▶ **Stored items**
····················

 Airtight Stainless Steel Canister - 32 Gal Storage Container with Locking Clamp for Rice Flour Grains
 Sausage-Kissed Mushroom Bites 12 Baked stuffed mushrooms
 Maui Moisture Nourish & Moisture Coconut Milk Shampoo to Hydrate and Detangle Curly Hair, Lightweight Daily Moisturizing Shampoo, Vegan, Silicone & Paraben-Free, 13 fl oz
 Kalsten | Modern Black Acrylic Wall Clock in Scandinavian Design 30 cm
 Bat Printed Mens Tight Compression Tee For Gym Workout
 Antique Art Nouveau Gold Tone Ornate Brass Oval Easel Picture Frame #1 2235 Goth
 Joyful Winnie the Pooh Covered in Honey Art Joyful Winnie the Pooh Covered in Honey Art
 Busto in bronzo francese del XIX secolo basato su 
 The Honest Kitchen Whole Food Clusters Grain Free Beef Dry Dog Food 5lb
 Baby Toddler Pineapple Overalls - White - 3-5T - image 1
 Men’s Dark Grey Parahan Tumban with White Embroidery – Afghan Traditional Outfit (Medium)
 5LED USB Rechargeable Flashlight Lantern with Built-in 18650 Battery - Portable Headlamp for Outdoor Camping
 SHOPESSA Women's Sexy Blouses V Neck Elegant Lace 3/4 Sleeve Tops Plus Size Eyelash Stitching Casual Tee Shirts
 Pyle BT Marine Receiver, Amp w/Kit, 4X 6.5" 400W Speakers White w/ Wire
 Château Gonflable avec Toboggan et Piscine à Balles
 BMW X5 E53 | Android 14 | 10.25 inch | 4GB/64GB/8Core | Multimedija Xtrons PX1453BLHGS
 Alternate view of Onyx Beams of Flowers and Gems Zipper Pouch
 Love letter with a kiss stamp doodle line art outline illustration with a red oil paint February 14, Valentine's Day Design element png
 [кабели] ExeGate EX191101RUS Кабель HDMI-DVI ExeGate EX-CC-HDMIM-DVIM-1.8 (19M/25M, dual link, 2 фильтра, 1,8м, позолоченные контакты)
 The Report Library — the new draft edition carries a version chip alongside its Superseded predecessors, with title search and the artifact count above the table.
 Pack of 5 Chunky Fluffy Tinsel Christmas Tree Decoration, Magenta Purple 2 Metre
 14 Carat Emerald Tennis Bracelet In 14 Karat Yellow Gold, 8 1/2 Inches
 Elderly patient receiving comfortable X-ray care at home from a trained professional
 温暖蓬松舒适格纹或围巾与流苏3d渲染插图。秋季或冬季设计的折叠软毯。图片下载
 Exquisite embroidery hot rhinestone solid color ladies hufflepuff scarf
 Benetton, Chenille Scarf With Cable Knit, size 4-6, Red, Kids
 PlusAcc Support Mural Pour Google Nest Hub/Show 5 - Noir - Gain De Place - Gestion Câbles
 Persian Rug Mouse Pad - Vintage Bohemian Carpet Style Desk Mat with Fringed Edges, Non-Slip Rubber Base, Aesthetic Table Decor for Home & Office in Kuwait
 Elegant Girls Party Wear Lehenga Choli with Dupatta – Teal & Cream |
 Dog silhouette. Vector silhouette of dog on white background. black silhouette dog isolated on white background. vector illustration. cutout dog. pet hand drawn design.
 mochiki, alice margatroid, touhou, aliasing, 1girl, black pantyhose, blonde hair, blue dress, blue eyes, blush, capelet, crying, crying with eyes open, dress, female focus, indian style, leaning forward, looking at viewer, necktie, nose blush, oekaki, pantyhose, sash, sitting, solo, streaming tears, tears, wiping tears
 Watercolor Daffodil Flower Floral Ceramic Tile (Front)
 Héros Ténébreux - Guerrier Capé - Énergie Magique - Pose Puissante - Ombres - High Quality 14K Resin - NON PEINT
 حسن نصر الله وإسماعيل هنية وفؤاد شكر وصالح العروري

····················

▶ **Your instructions**
Using the records above, output exactly the lines from the one containing "Exquisite embroidery hot" through the last line, and no others.

▶ **Solution to the exercise**
 Exquisite embroidery hot rhinestone solid color ladies hufflepuff scarf
 Benetton, Chenille Scarf With Cable Knit, size 4-6, Red, Kids
 PlusAcc Support Mural Pour Google Nest Hub/Show 5 - Noir - Gain De Place - Gestion Câbles
 Persian Rug Mouse Pad - Vintage Bohemian Carpet Style Desk Mat with Fringed Edges, Non-Slip Rubber Base, Aesthetic Table Decor for Home & Office in Kuwait
 Elegant Girls Party Wear Lehenga Choli with Dupatta – Teal & Cream |
 Dog silhouette. Vector silhouette of dog on white background. black silhouette dog isolated on white background. vector illustration. cutout dog. pet hand drawn design.
 mochiki, alice margatroid, touhou, aliasing, 1girl, black pantyhose, blonde hair, blue dress, blue eyes, blush, capelet, crying, crying with eyes open, dress, female focus, indian style, leaning forward, looking at viewer, necktie, nose blush, oekaki, pantyhose, sash, sitting, solo, streaming tears, tears, wiping tears
 Watercolor Daffodil Flower Floral Ceramic Tile (Front)
 Héros Ténébreux - Guerrier Capé - Énergie Magique - Pose Puissante - Ombres - High Quality 14K Resin - NON PEINT
 حسن نصر الله وإسماعيل هنية وفؤاد شكر وصالح العروري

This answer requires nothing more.